Labour’s technocratic propaganda, with its special attention to the possessors of management expertise, replaces even the limited class-sense of the old reformism with an appeal to the technically most advanced elements within the business system. With the exception of the steel barons, who have begun their pre-election campaign on a distinctly defensive note, British capitalism does not seem especially alarmed by the by-election and Gallup Poll results. The most efficient elements of the system, who are by and large the most prosperous, may indeed expect to do fairly well out of a Labour term of office; and under Wilson they have not even the bogey of an identifiable Clause Four Left with which to frighten themselves and the floating electorate. Their conclusions might well be the same as those of Macmillan in his confidences to the Kenya settlers’ leader Blundell during the electoral hubbub of 1959:
‘He (Macmillan) told me that England could not be governed for long if there were great differences between the parties, and that a fair measure of agreement on fundamental issues had now been achieved, which meant reasonable stability whatever the result of the election.’ (Sunday Times, 1 December).
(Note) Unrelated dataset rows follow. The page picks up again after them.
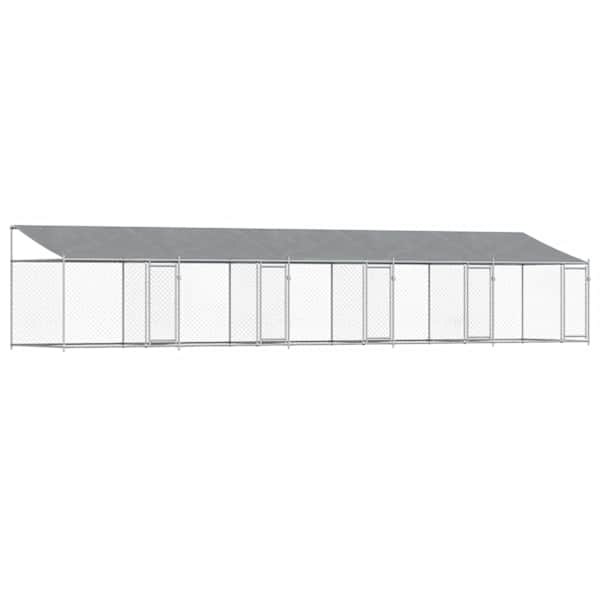 vidaXL koeraaedik, katuse ja uksega, hall, 10x2x2m, tsingitud teras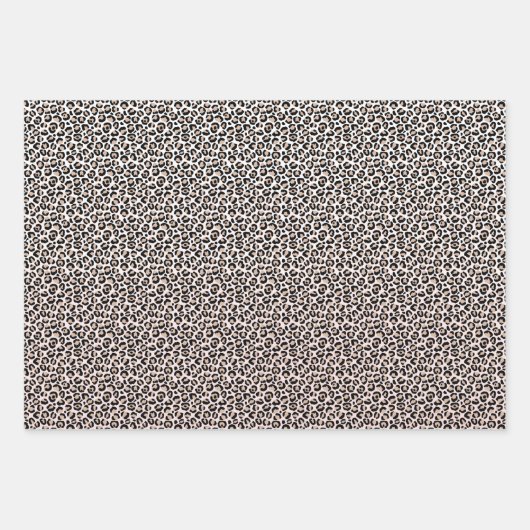Blush roze zwarte crème-leopardafdruk         inpakpapier vel (Voorkant 3)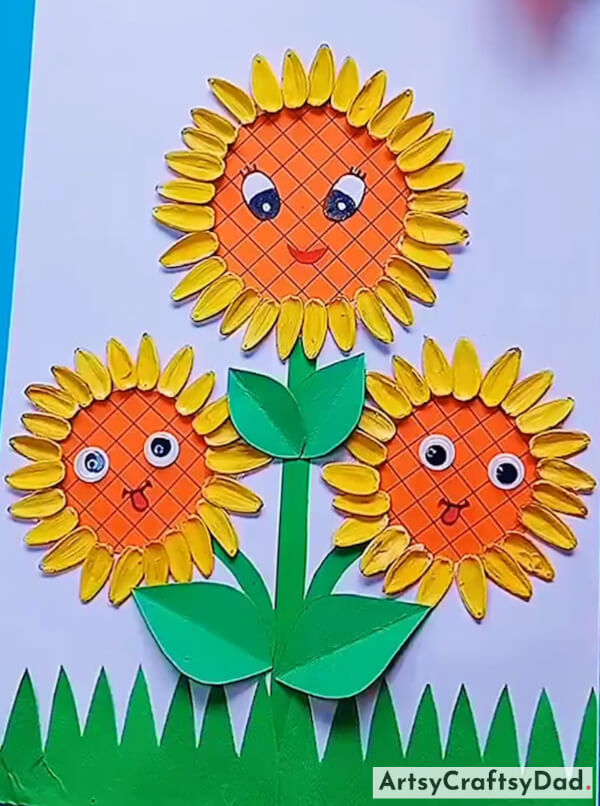 Creative Melon Seed Peels Sunflower Craft Idea For Kids - Environmentally-friendly Blossom DIYs for Kids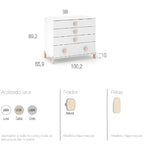 Cómoda Lacada Ros Mini ELEMENTAL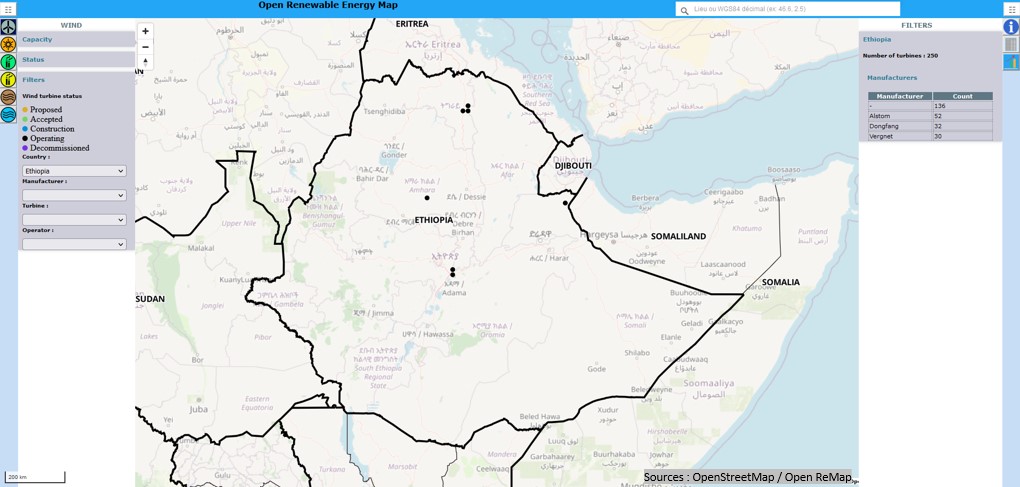 map of wind turbine in ethiopia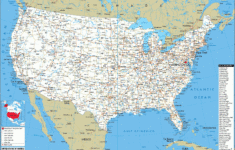 Large Size Road Map Of The United States - Worldometer inside Printable USA Map with Interstates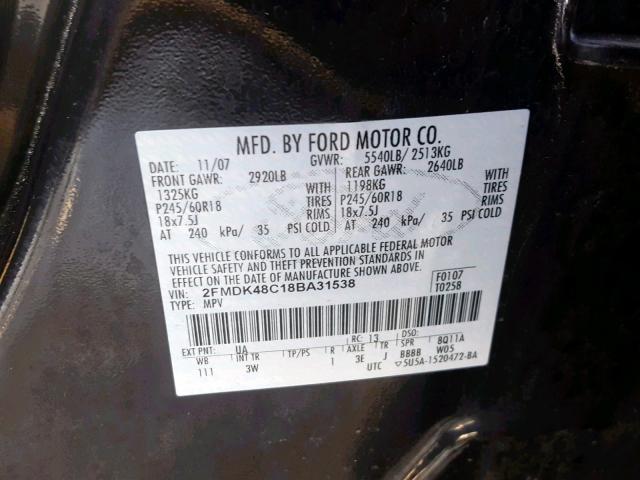 2FMDK48C18BA31538 - 2008 FORD EDGE SEL BLACK photo 10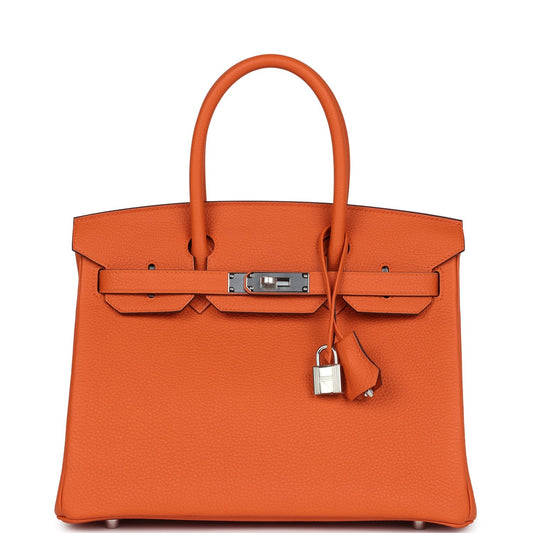 Birkin 30 Orange Togo Palladium Hardware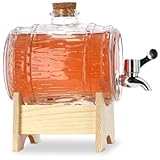 KADAX Fass mit Hahn, fassförmiger Getränkespender aus Glas 1-3L, Fass mit Zapfhahn, transparenter Spender mit Holzuntersatz, Alkoholspender ideal für Whisky, Brandy, Säfte, Limonade (1L)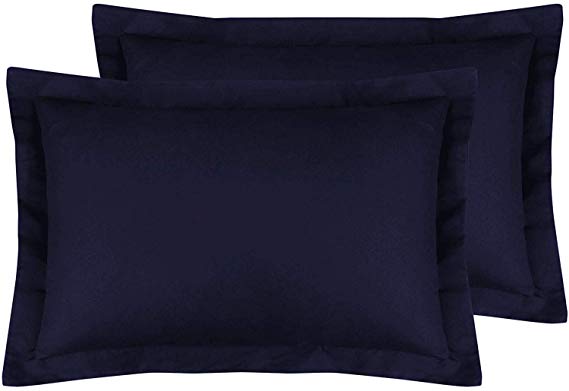 King Pillow Shams Set of 2 Navy Blue Pillow Shams King 20X36 Pillow Covers 100% Soft Egyptian Cotton 600 Thread Count Hotel Class Bedding King Size Decorative Pillow Shams Set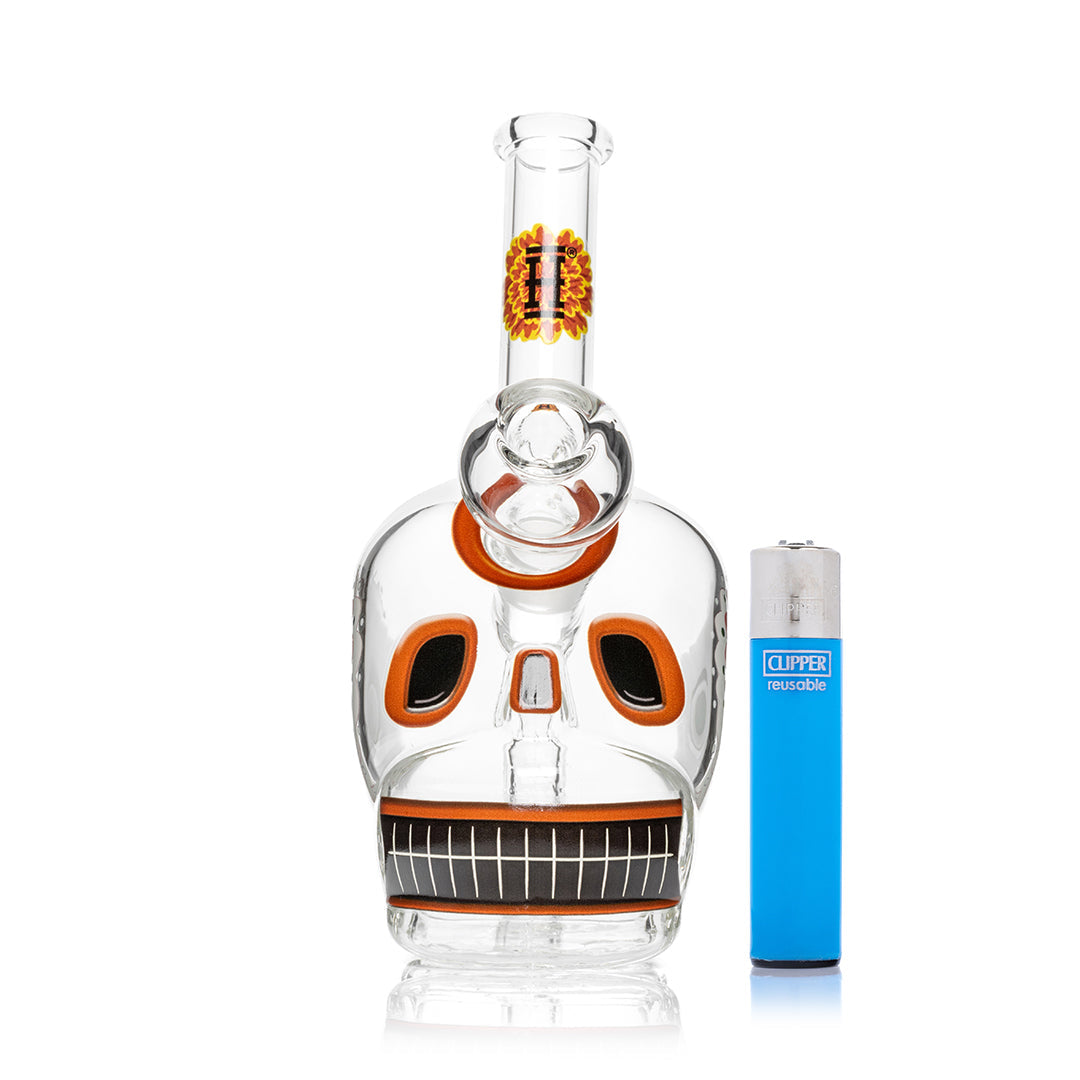 Dia De Los Muertos Skull Bong 6.1" by Smoke Drop - view 8 | Buddy Brandz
Within this setting of the increasing absorption of the Labour Party and TUC into the objectives of capitalism, and the almost total abdication and bemusement of the classical Left, the task of this journal is to call things by their proper names, to delineate the hard features of social reality that are conveniently but still ineffectively blurred by the advocates of superficial ‘unity’. The Bomb is still with us; NATO has not been abolished, except in the amount of space devoted to it in Tribune. And the struggle of the working class goes forward as it did in the Gaitskell era, as it will if Wilson enters Downing Street. It is only by the degree to which this struggle is advanced, as a self-acting movement of the class itself as it pushes towards the mastery of society, that the programme of the Labour Party is to be judged. Nothing in the utterances of the present Labour leadership (whose Front-Bench faces are in many cases identical with those of the Gaitskellite Right wing) has persuaded us that its sympathy for working-class struggle and working-class control has increased. The language of technological reformism implies, if anything, the reverse.